These and other objectives of the present invention will no doubt become obvious to those of ordinary skill in the art after reading the following detailed description of the preferred embodiment that is illustrated in the various figures and drawings.

BRIEF DESCRIPTION OF THE DRAWINGS

FIG. 1 illustrates a conventional schematic diagram of a multi-band antenna.

FIG. 2 illustrates a schematic diagram of a wideband antenna according to an embodiment of the invention

FIG. 3 illustrates a schematic diagram of another wideband antenna according to an embodiment of the invention.

FIG. 4 illustrates a schematic diagram of another wideband antenna according to an embodiment of the invention.

FIG. 5 illustrates a schematic diagram of another wideband antenna according to an embodiment of the invention.

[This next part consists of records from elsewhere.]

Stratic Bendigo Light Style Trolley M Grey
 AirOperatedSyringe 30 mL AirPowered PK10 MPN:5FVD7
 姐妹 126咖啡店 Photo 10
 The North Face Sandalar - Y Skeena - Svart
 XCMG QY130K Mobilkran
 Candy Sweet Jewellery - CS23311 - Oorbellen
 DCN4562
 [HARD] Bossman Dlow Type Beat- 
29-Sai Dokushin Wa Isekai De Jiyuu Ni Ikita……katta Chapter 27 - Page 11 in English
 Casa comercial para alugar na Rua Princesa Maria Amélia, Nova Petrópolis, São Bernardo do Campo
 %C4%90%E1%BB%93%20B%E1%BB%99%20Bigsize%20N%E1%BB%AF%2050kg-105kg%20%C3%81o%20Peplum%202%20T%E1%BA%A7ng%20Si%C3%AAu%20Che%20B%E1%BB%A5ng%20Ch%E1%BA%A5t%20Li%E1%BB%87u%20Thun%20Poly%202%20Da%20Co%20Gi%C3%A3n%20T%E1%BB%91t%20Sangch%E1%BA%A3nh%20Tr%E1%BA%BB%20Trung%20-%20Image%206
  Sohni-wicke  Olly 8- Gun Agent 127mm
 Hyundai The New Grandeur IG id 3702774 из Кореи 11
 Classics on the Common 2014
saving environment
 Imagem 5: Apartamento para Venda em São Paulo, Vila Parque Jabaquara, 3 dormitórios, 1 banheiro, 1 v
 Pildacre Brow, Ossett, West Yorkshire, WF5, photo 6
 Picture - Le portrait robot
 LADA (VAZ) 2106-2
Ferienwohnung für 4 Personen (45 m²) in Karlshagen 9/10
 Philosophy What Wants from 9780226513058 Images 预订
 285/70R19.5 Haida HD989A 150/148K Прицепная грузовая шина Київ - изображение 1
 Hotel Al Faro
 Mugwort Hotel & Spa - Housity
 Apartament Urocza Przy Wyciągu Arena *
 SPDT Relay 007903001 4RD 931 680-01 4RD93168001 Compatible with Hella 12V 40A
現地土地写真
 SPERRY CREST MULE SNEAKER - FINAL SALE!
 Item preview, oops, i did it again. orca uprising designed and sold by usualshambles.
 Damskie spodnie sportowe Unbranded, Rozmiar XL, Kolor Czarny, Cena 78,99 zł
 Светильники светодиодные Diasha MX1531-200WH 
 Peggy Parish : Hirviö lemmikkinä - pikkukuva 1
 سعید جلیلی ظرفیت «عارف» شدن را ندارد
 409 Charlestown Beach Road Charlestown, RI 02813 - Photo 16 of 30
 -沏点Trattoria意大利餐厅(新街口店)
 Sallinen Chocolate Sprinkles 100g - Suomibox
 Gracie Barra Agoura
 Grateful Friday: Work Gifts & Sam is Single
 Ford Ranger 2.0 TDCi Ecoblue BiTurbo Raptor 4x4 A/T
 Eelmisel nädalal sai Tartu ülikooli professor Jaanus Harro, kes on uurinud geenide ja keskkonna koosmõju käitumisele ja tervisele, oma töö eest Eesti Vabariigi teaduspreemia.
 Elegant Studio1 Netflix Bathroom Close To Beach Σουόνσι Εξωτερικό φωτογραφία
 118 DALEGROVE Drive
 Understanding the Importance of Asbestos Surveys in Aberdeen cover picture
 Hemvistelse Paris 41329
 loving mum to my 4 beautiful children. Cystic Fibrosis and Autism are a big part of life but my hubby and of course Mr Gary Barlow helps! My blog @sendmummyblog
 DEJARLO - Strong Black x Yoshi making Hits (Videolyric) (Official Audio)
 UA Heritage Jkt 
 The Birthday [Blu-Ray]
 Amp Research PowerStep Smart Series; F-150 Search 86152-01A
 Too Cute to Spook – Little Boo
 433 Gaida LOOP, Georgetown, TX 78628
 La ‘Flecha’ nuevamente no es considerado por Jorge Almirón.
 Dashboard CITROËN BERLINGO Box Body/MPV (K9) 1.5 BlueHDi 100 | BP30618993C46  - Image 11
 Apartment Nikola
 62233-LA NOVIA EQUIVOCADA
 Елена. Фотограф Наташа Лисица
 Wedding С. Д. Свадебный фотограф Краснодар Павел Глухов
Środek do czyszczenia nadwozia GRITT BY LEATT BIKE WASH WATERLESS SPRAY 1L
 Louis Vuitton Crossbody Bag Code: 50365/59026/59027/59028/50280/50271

FIG. 6 illustrates a schematic diagram of another wideband antenna according to an embodiment of the invention.

FIG. 7 illustrates a schematic diagram of the voltage standing wave ratio measured from the wideband antenna shown in FIG. 2.

FIG. 8 illustrates a schematic diagram of another wideband antenna according to an embodiment of the invention.

FIG. 9 illustrates a schematic diagram of another wideband antenna according to an embodiment of the invention.

DETAILED DESCRIPTION

Please refer to FIG. 2, which illustrates a schematic diagram of a wideband antenna 2 according to an embodiment of the invention. As shown in FIG. 2, the wideband antenna 2 is located on an X-Y plane including an X-axis direction perpendicular to a Y-axis direction. The wideband antenna 2 loaded by a substrate 28 includes a grounding unit 20, a feed-in source 22, a first radiating body 24 and a second radiating body 26. The first radiating body 24 is utilized to transmit a high frequency band, and a total length of the first radiating body 24 is approximately equal to one fourth wavelength of the high frequency band. The first radiating body 24 further includes a first radiating unit 240, a second radiating unit 242 and a conducting unit 244. The first radiating unit 240 and the second radiating unit 242 both extend along the X-axis direction, and the conducting unit 244 horizontally connects the first radiating unit 240 and the second radiating unit 242, which means that the first radiating unit 240 and the second radiating unit 242 utilize the conducting unit 244 as a starting position to extend to opposite directions along the X-axis direction. Additionally, the conducting unit 244 electrically connects the first radiating unit 240 and the second radiating unit 242 with the feed-in source 22. Besides, the second radiating body 26 is utilized to transmit a low frequency band, and a total length of the second radiating body 26 is approximately equal to one fourth wavelength of the high frequency band. The second radiating body 26 further includes a third radiating unit 260 and a short-circuit unit 262. The short-circuit unit 262 electrically connects between the third radiating unit 260 and the grounding unit 20. The third radiating unit 260 further includes a branch 264 extending along the Y-axis direction, and the branch 264 is separated from the conducting unit 244 by a first distance D1, which provides a coupling connection effect for the third radiating unit 260 and the conducting unit 244, so as to transmit a radio signal between the third radiating unit 260 and the feed-in source 22. The grounding unit 20 electrically connects to a ground (not shown in the figure), and the feed-in source 22 is utilized to transmit wireless signals in the high frequency band and the low frequency band.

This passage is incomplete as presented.